Chapter Five System Design · Distribution

Chapter 05

Consistent Hashing

A scheme for spreading keys across a changing set of servers — so that adding or losing a node shifts only a small slice of the data, rather than every key in the system.

A System Design Primer · Distributed Storage

02 · The Problem Why mod-N breaks

The naive approach

Mod-N hashing collapses the moment you resize the cluster.

If you map keys to servers with server = hash(key) mod N, the assignment is fast and even — until N changes. Adding or removing a single node reshuffles nearly every key. For a cache, that is a stampede; for a database, that is downtime.

The formula

Each key is hashed to a number, then taken modulo the server count. With 4 servers, key k lives on bucket hash(k) % 4.

Resize → rehash storm

Move from 4 servers to 5 and the modulus changes. Roughly (N-1)/N of all keys land on a different bucket. At 4→5 that is about 80% of the cache invalidated at once.

Why it hurts

Origin servers see a thundering herd. Warm caches go cold. Replicated data must be rebalanced wholesale. The cluster takes minutes or hours to recover.

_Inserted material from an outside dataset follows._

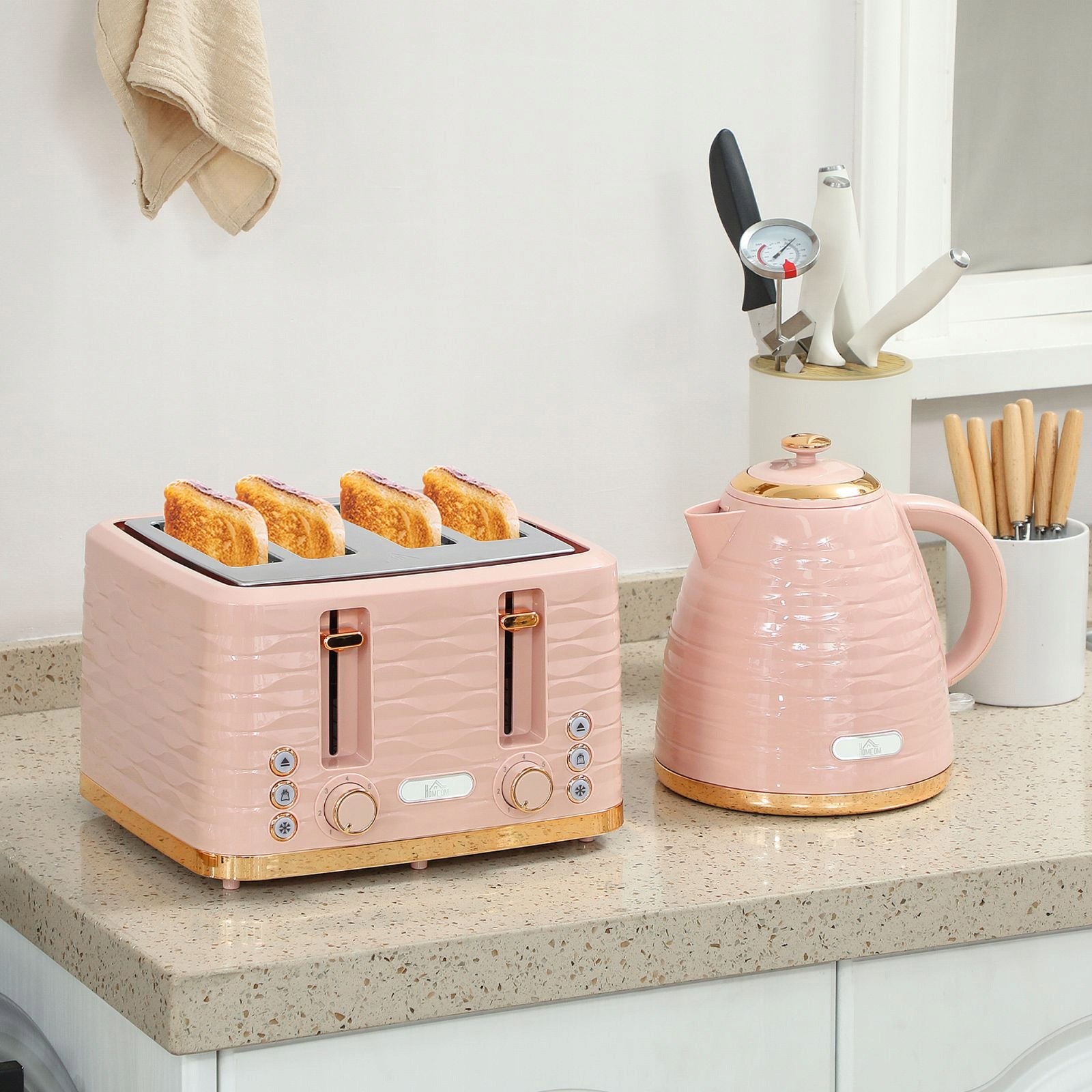 2-in-1 Set: Toaster and Kettle, 7 Levels, Pink Dominant color red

A single new server invalidates most of the cache

03 · The Concept The hash ring

A circular hash space

Bend the hash space into a ring.

Pick a hash function with a large output space — for instance the 128-bit space of MD5. Imagine its full range laid end to end and joined into a circle. Every possible hash value is a single point on that circle. Servers and keys both live on the same ring.

One shared coordinate system

Both nodes and keys map to positions on the ring through the same hash function. There is no separate routing table to maintain.

Position is determined by hash, not by count

A server's spot on the ring depends only on its identifier — its IP, hostname, or a chosen label. The total number of nodes never enters the calculation.

The ring is huge and sparse

Typical hash spaces hold 2^32 or 2^128 positions. A real cluster of dozens of servers occupies a tiny, scattered fraction of the circle.

A continuous, wrap-around hash range, walked in one direction

04 · Servers Anchoring nodes

Step one

Each server claims its position by hashing its own identifier.

Compute hash(server-A), hash(server-B), and so on. The output lands each node somewhere on the ring. Because the hash function distributes outputs roughly uniformly, the nodes scatter around the circle — though, as we will see, never perfectly evenly.

A, B, C, D placed by hash output

Identifier in, position out

The label hashed is up to you — IP address, DNS name, or a synthetic ID. What matters is that it is stable; the same node always lands in the same spot.

Each node owns the arc behind it

By convention, a server is responsible for the segment of the ring ending at its position. The next server clockwise marks the boundary of its territory.

Uneven gaps are expected

With only a handful of points, hash randomness leaves big arcs and small arcs. Some servers naturally end up with more of the ring than others — a problem we will address shortly.

Each peer knows the whole ring

In most implementations, every node carries a copy of the membership list. Lookups can be answered locally without a central coordinator.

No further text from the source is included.